The guide also underscores the need for more inclusive drug policies. And central to achieving that goal is to incorporate women’s voices into the drug policy debate – the voices of incarcerated and formerly incarcerated women, of their family members and partners, women drug users, and the mothers, wives or partners of persons who are or have been incarcerated. Constructing more humane, inclusive and sensible drug policies requires more participation of women in their design, implementation and evaluation.
In addition, profound sentencing reforms are needed such that punishments are commensurate with the gravity of the crimes committed. The use, possession and cultivation of drugs for personal use should be decriminalised; no person should go to jail because they choose to put a substance into their own body. In addition, criminal justice systems should be capable of taking attenuating circumstances into account, for example in the case of women who have dependents in their care, or pregnant women. In no case should pregnant and caregiving women accused or convicted of non-violent drug crimes go to jail; instead, alternatives to incarceration should be implemented. Indeed, alternatives to incarceration are less costly and less harmful responses, and more effective for addressing most drug-related offences.

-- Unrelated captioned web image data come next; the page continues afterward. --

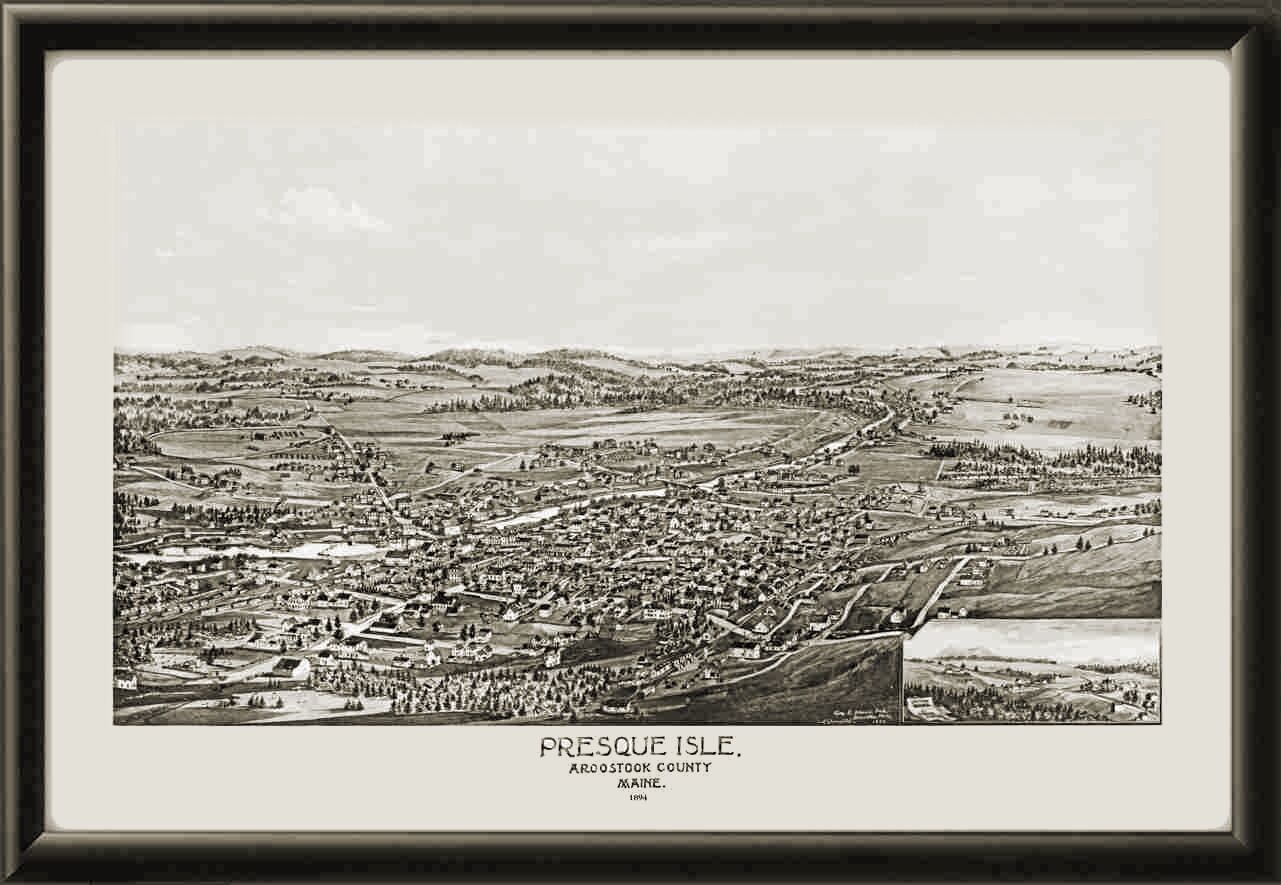 Presque Isle ME 1894 George Norris Birdseye View Map
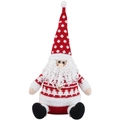 Bambola di peluche gnomo di Babbo Natale con cappello rosso e maglione a righe decoro - Babbo Natale / Pezzo Singolo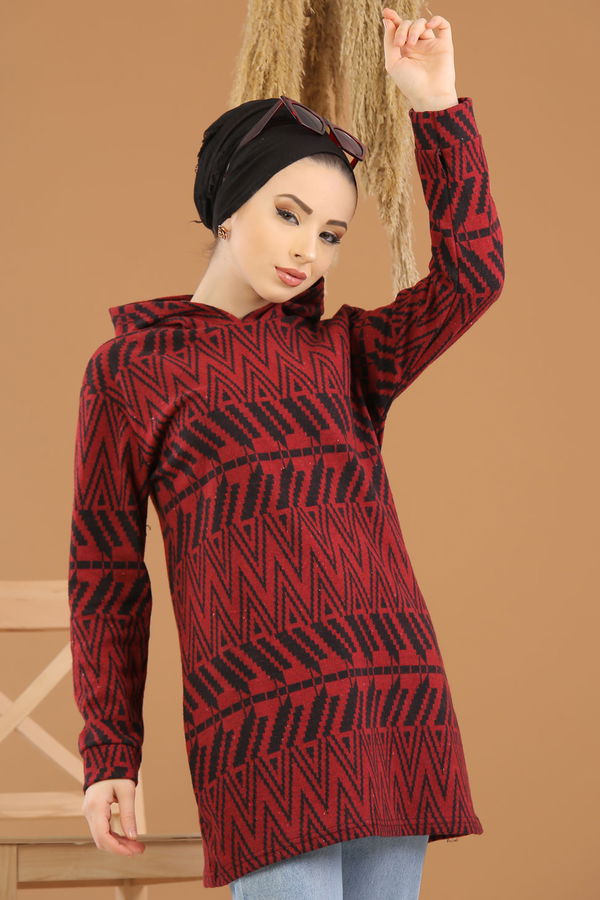 Düz Orta Kadın Bordo Kapşonlu Tunik Haki  - 8258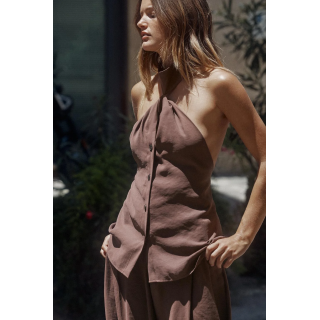 ЖИЛЕТ С ГОРЛОВИНОЙ ХАЛТЕР И УЗЛОМ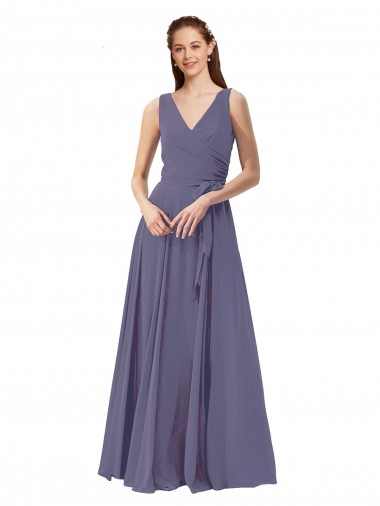 Sleeveless Silver Stone A-Line V-Neck Bridesmaid Dress Maidstone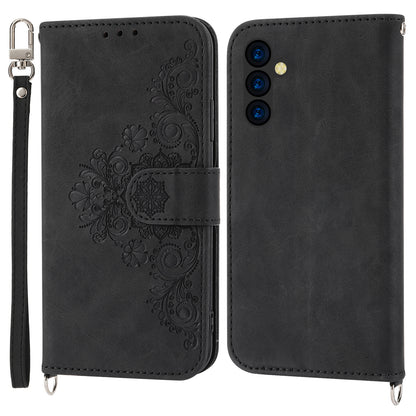Wallet Phone Case for Samsung Galaxy M14 5G Imprinted Flower Skin-Touch Leather Cover with Strap
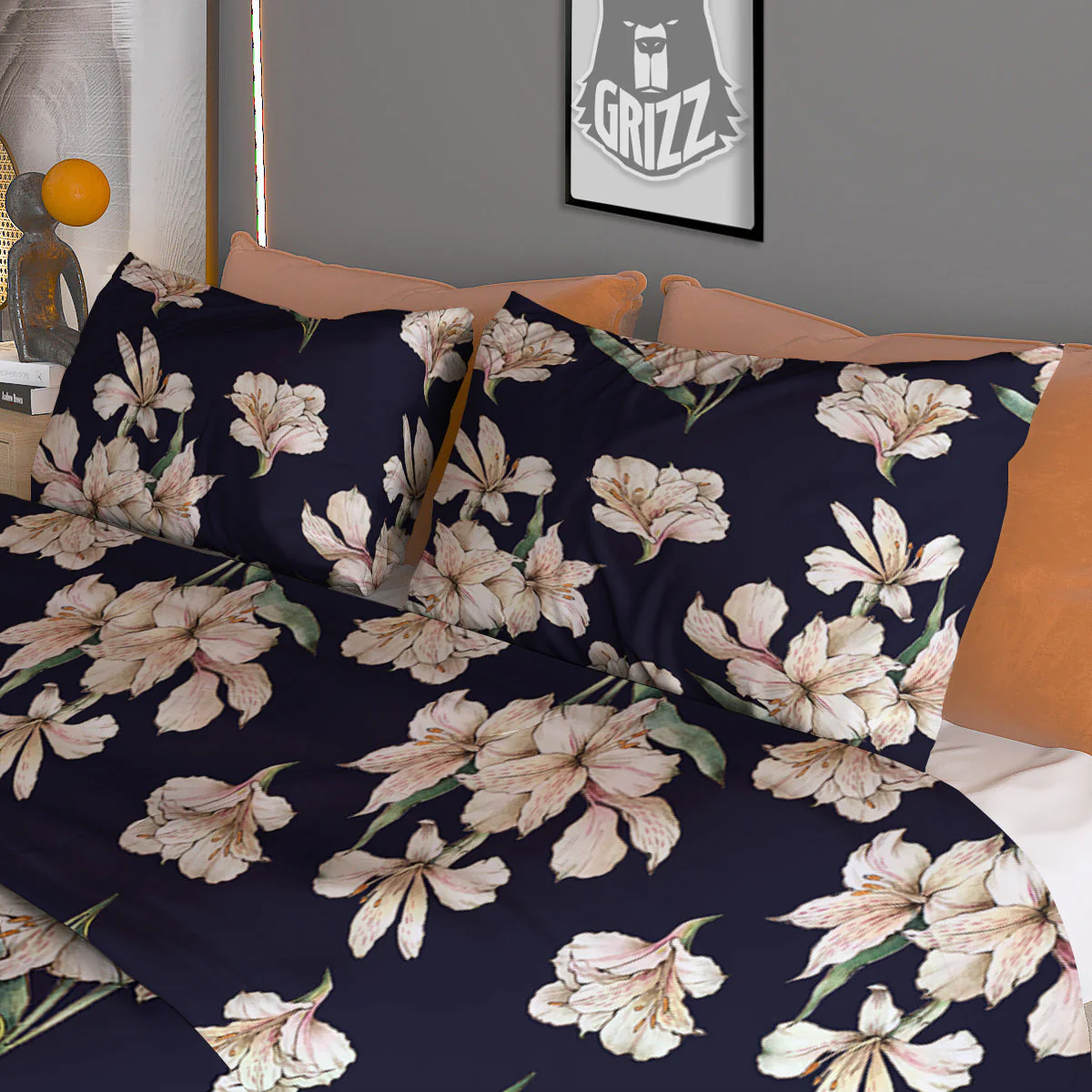 Alstroemeria Watercolor Print Pattern Duvet Cover Bedding Set - Image 3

JusticeHome, sponsored by the Women’s Prison Association in the United States, provides an interesting alternative to imprisonment. Rather than go to prison, women in the state of New York convicted of a felony and with a sentence of at least six months can be selected to live at home with their children and participate in treatment, education, and employment programmes.
A good example of legal reforms with a gender perspective can be found in Costa Rica, which in 2013 reduced the penalties for women bringing drugs into prisons. Thanks to the reform, more than 150 women who had been sentenced under the previous law were released. In addition, now, women for whom bringing drugs into prison is their first offence, and who are affected by some of the conditions of vulnerability noted in the new law, can be eligible for alternatives to incarceration, making it possible for them to participate in social insertion programmes aimed at preventing recidivism.
The Costa Rican reform underscores that a human development focus is essential when considering drug policy reforms. Economic development programmes need to be implemented in rural areas where crops for illicit markets are cultivated and in marginalised urban areas where drug markets proliferate. Rather than pouring money into prisons, governments can better spend scarce resources providing education, training, and employment programmes that target women living in vulnerable conditions. For those women who do end up incarcerated, assistance should be provided to help them transition out of prison and to find employment, an even more difficult task with a criminal record.
“In the Bible, it says that women are…the foundation of the home”, Johana tells us, from her prison in Bogotá. “Well then, help us to be a strong foundation. Many of us are here for our children, how would it be if we had opportunities?”
This article is based on the report, “Women, Drug Policies, and Incarceration: A Guide to Policy Reform in Latin America and the Caribbean”, published by WOLA, IDPV, CIM/OAS and Dejusticia in February 2016.